ECBC Explores Paper Spray Technology in Collaboration with Academia

When Soldiers encounter an unknown threat in the field, they need to be able to find out its precise identity quickly, whether it is chemical, biological, explosive, or an illicit drug. The technology used should require minimal training.

ECBC researchers, in collaboration with an inventor and professor at Indiana University-Purdue University Indianapolis, are developing a method that uses paper spray ionization mass spectrometry. Onto a small piece of paper contained in a disposable plastic cartridge, a Soldier can collect a sample of a liquid, including blood, urine, or any suspicious substance. Samples absorbed on the paper are stable at room temperature. And unlike with other methodologies, these samples require no further preparation for analysis. And there’s a further advantage over other analytical methods: the Soldier taking the sample need not know anything about what the sample’s chemical composition might be.

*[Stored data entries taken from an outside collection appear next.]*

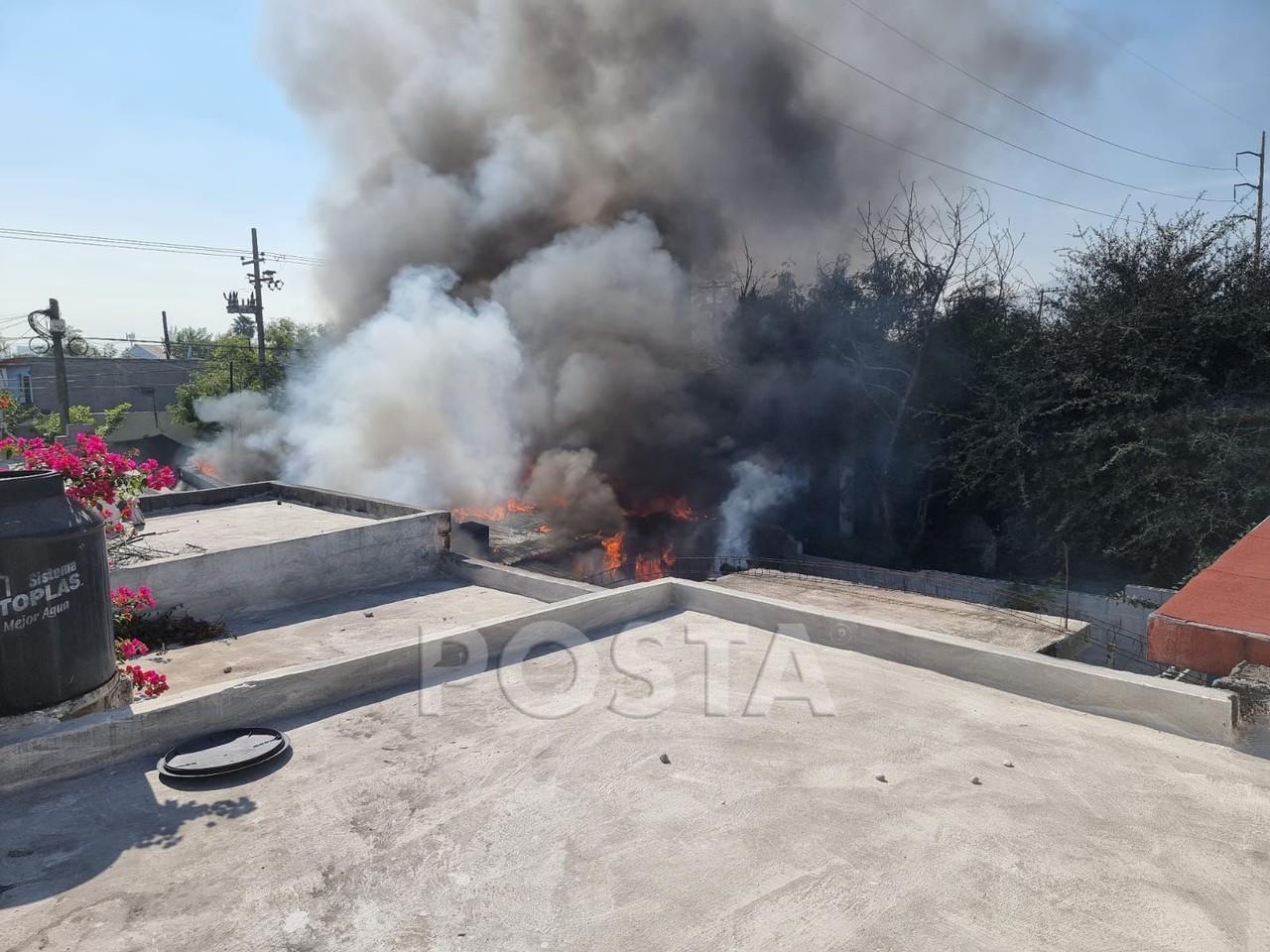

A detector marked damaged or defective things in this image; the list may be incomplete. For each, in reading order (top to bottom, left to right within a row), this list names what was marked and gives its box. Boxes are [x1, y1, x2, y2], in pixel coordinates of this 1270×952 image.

cracked concrete surface [2, 611, 1270, 952]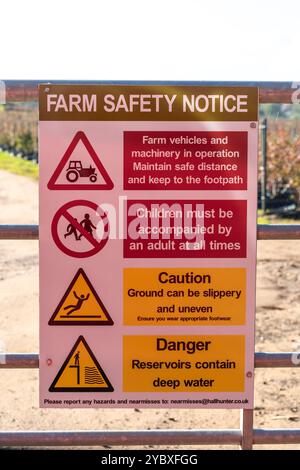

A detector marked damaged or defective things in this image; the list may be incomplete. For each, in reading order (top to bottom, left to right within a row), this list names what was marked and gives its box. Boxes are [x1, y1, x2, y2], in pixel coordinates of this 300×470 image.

rusty metal fence [0, 81, 300, 448]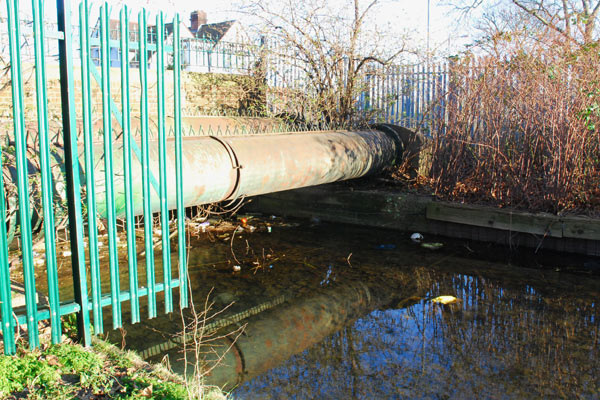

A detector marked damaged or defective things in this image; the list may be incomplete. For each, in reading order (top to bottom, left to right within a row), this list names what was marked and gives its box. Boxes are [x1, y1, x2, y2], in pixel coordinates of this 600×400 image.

large rusty pipe [92, 129, 398, 217]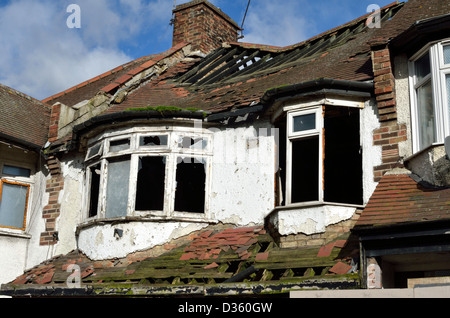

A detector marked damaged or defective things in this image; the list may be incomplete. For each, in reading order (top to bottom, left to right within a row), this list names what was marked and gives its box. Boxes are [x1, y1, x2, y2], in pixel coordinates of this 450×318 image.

broken window pane [0, 181, 28, 229]
damaged roof [0, 82, 51, 148]
broken window pane [103, 157, 128, 219]
burnt window frame [84, 126, 213, 221]
broken window pane [137, 157, 167, 211]
broken window pane [175, 157, 207, 214]
broken window pane [294, 113, 314, 133]
broken window pane [290, 136, 318, 201]
burnt window frame [284, 100, 366, 207]
damaged roof [356, 173, 450, 230]
damaged roof [0, 225, 358, 296]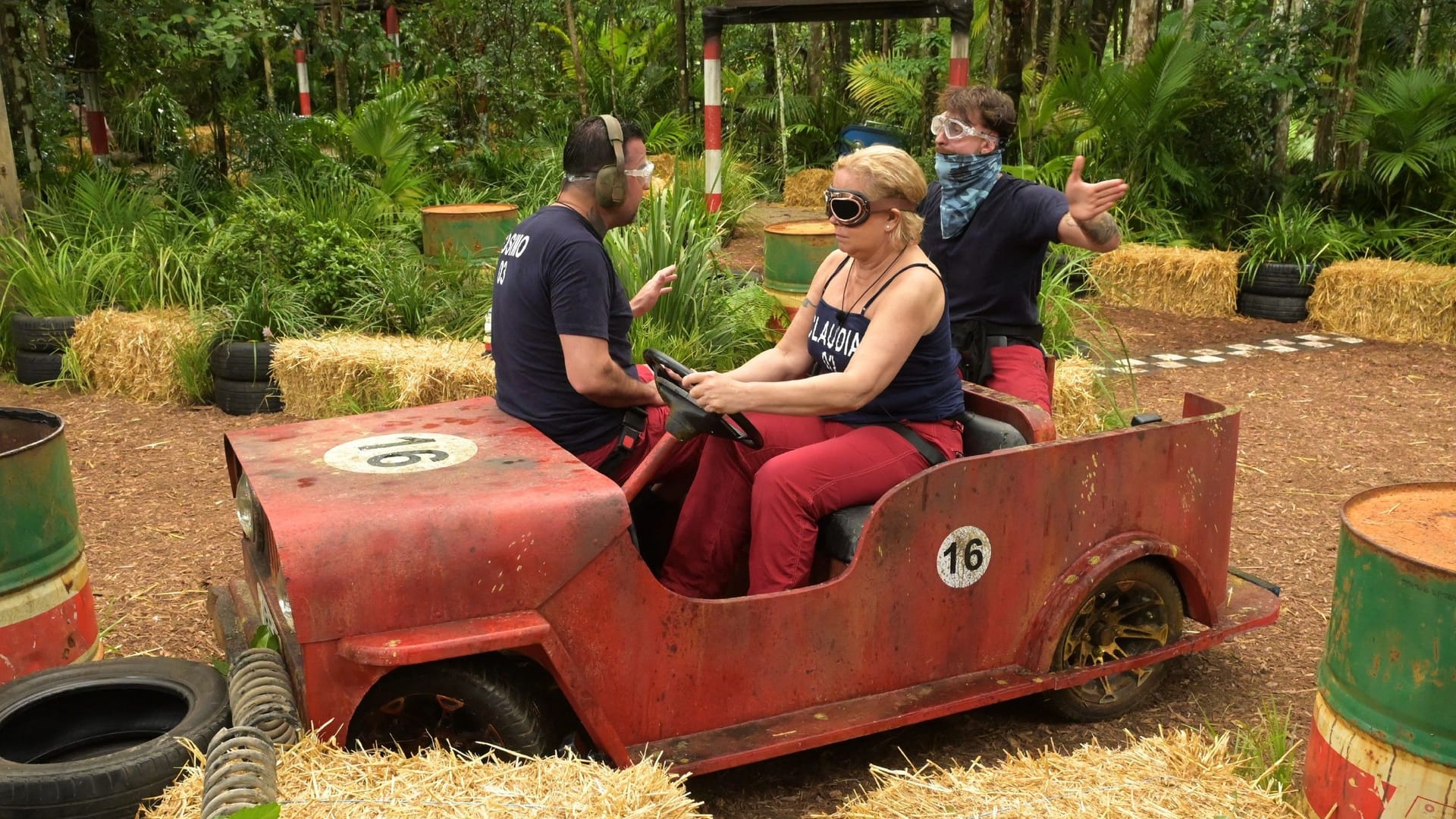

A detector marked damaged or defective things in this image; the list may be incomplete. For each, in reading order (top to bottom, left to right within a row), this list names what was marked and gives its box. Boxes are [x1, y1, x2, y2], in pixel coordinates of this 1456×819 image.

rusty red go-kart [211, 349, 1280, 770]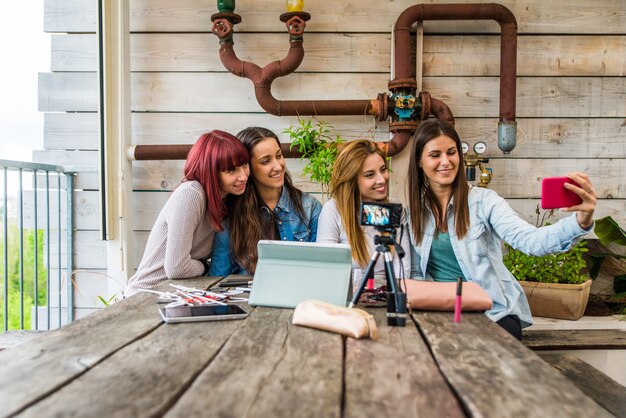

Once in the laboratory, the cartridge is inserted into an auto-sampler, which wets the paper with solvent, thus extracting the sample. Then an electric charge atomizes the sample into droplets that a mass spectrometer can analyze. The analytical results are ready in 60 seconds or less.

The ECBC and Indiana University-Purdue University Indianapolis research team are currently developing a form of paper that can absorb large biological molecules, which has always proven difficult using paper absorption. Once fully developed, this technology will extend to paper-based analysis of a broad spectrum of biological threats.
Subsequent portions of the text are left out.